My last blog post about taking an unplanned walk through an urban environment (a dérive) in New York City took place in Chinatown. Just north of Chinatown, but in practicality blending with it for many blocks, is a section of lower Manhattan referred to as Little Italy (in fact, Chinatown and Little Italy have been grouped together and made one historic district within the National Register of Historic Places). The boundaries of Little Italy have always been fluid, but Mulberry Street is its epicenter. While at one point it might have encompassed the entire area between Houston and Worth to the north and south, and Lafayette to Bowery to the west and east, today it is really only the three blocks of Mulberry north of Canal Street that consistently retain an Italian flavor. In many senses, Little Italy is a bit of a theme park – very few people of Italian descent still live in the area (there are much larger Italian-American populations in the Bronx and Staten Island, for instance), unlike Chinatown, which still holds a large group of Chinese-speaking residents. Theme parks can be enjoyable, however, and I set off to walk around the area to experience it.
Crossing Canal on Mulberry Street, you are welcomed to Little Italy with banners and decorations in the colors of the Italian flag.
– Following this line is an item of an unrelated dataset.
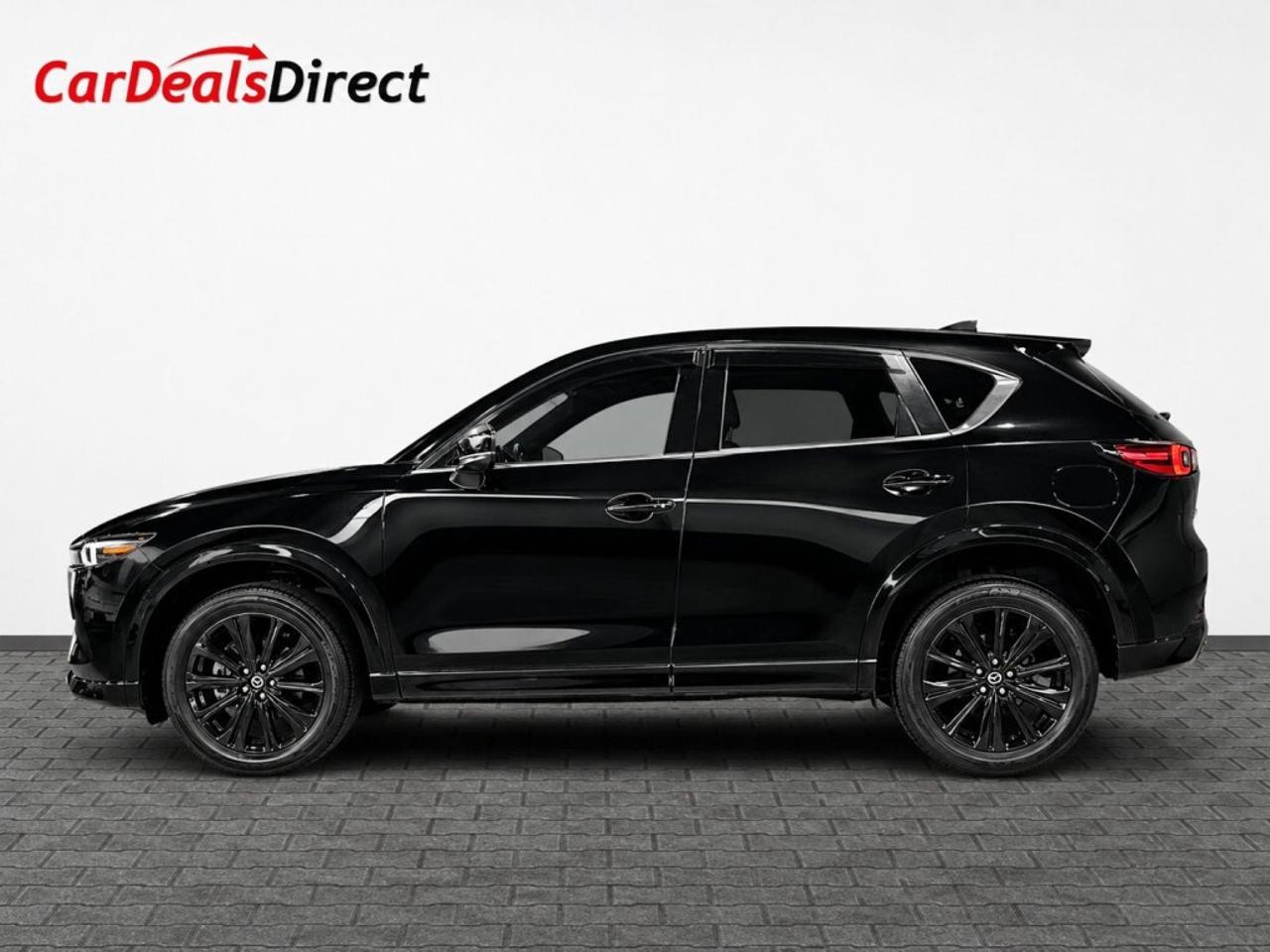 2022 Mazda CX-5 Sport Design w/Turbo AWD/NAVI/Leather/Sunroof/Clea Photo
These few blocks are the location of the Feast of San Gennaro, an eleven day street fair held around the feast day (September 19) of the patron saint of Naples. Featured in its original form in The Godfather (parts II and III), the San Gennaro celebration today attracts many visitors and locals to the area as more of a food and drink festival. Speaking of The Godfather, far from shying away from the neighborhood’s past association with organized crime, I noted that the stores in the area seem to celebrate it as a way to sell t-shirts.
Most people come to Little Italy to eat, and if you walk north of Mulberry Street, you will likely be spoken to by the employees of multiple restaurants as you progress. Few New Yorkers head to Little Italy for authentic Italian food, however – there are plenty of good Italian restaurants all over the five boroughs of the city (the Bronx around Arthur Avenue, for instance). On the day I was wandering the area, however, my thoughts turned to pizza. True New York pizza., while quite different from what you would find if you ordered pizza in Naples or Chicago, is one of those quintessential elements of living in the city, like bagels. An average New York “slice” bought on the fly is better than most pizza bought at a more upscale restaurant outside the city, in my opinion. More importantly, New York City brought pizza to America, and walking out of today’s Little Italy and into Nolita (north of Little Italy) leads me north on Mulberry to Spring Street, stopping at the corner of Spring and Mott to gaze at the birthplace of New York pizza: Lombardi’s. Opened by Italian immigrant Gennaro Lombardi in 1905, it took the concept of the Neopolitan pizza pie, but adapted to fit the location (a coal-fired oven – still used – rather than wood burning; fior de latte cheese rather than mozzarella di bufala). Although his employees left to found Totonno’s, John’s and Patsy’s – all competitors in the heated race for most authentic NYC pizza – Lombardi’s was the first. When I am asked by visitors where to go for real NYC pizza, I always recommend Lombardi’s. However, unless you go at an odd time, prepare to wait for a table.
As I mentioned before, Little Italy seems more like a theme park and less of a real neighborhood these days. As New York City continues to evolve, however, I find that the ghosts of former neighborhoods leave some trace behind, a flavor or imprint despite the new buildings or souvenir shops. For me and for this place, that moment is in tasting authentic New York pizza, created by Italian immigrants and uniquely adapted to this city – part of the endless cycle of immigration and assimilation that has made the city the vibrant entity it is and will continue to be.